Renaudel déclara que ses amis ne pouvaient approuver une aventure dans laquelle le destin de la France était mis en jeu. Le besoin de mettre plus de distance entre soi et le gouvernement est un nouveau fait provoqué par une « pression » devant être significative si elle mettait en branle des gens comme Renaudel. Donc la majorité des socialistes refusa sa confiance au gouvernement où siégeaient Guesde, Sembat et Thomas. Croyez-vous que ces ministres donnèrent leur démission ? Pensez donc ! Ils restèrent comme le Parti sur le terrain de « l’Union nationale » et de « la lutte jusqu’au bout ». Comme l’expliqua un journal radical, la présence des défenseurs du prolétariat est indispensable au sein du pouvoir. Si Renaudel s’y était trouvé, il aurait, lui aussi, fait repousser la motion socialiste. Si Sembat s’était trouvé sur les bancs de gauche, il aurait refusé sa confiance ! Tout ceci n’est pas une contradiction de principe, simplement la division du travail dans l’usine « de l’Union nationale ». Cette division n’est pas volontaire et elle comporte son affreuse logique. Quelques députés socialistes ont voté contre le gouvernement auquel participaient Sembat, etc. Ils n’avaient aucun terrain solide de principe sous leurs pieds, mais ils portèrent néanmoins un coup impitoyable à la position officielle qui datait du 4 Août. Leur action exige une nouvelle prise de position. La vague dont la pression a fait agir le Parti ne faiblira pas ! Au contraire ! Elle se fortifiera chaque jour ! Elle roulera au-dessus de la tête de Renaudel et emportera sur sa crête d’autres personnes.
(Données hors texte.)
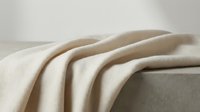 Soft beige wool blanket draped over concrete surface creating elegant minimalist composition for home decor and textile design projects.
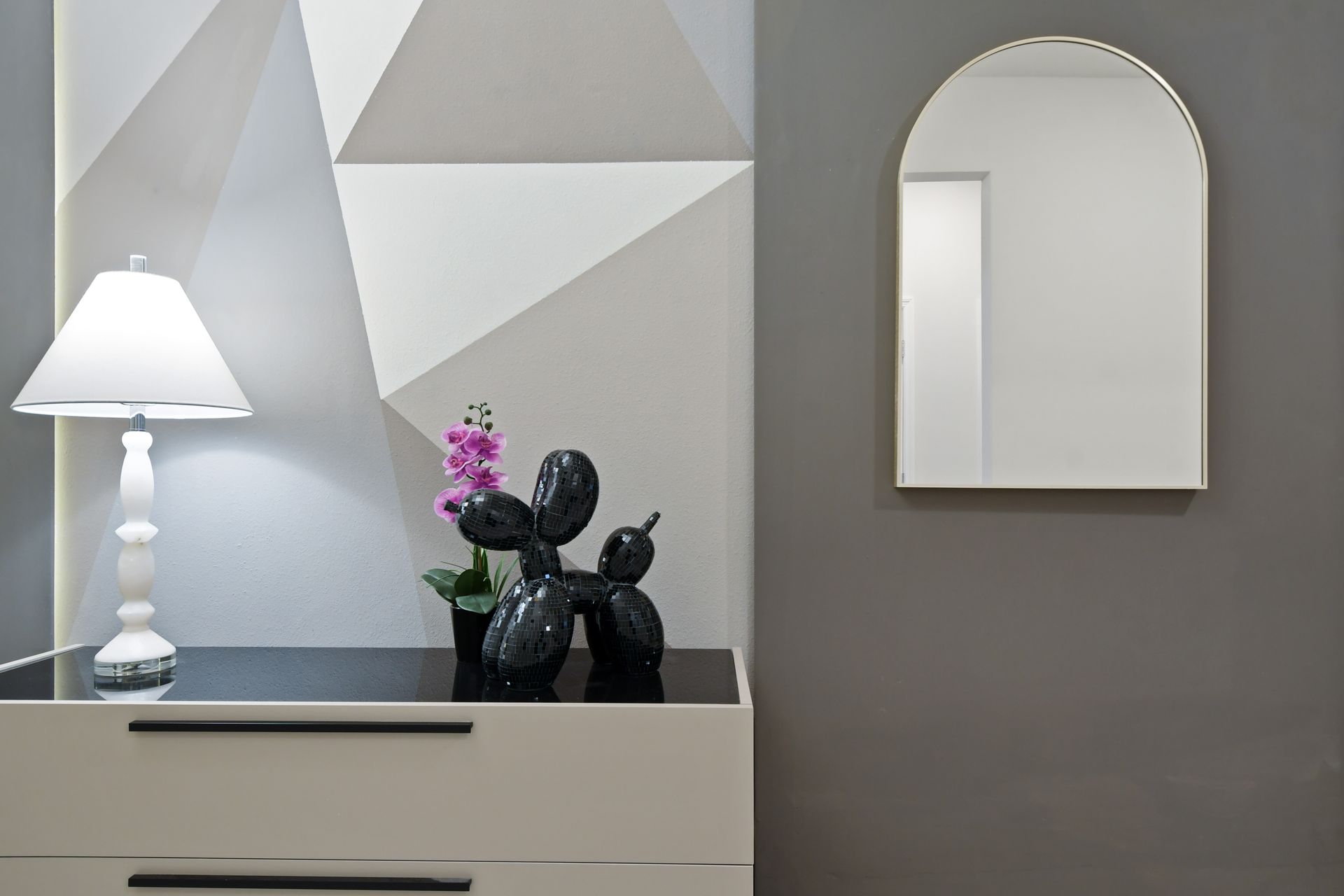 Chic entry table with geometric wall, modern lamp, playful decor, orchid, and mirror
1 Ceci démontre, d’un autre côté, que les Allemands n’ont aucune chance de percer le front, que ce soit vers Calais ou Paris.

2 Une quinzaine des prétoriens socialistes votèrent pour la confiance. Ce nombre comprenait, évidemment, Sembat, Guesde, Thomas et quelques guesdistes connus, tels que Bracke, etc. De cette façon, la fraction socialiste se coupa en trois tronçons.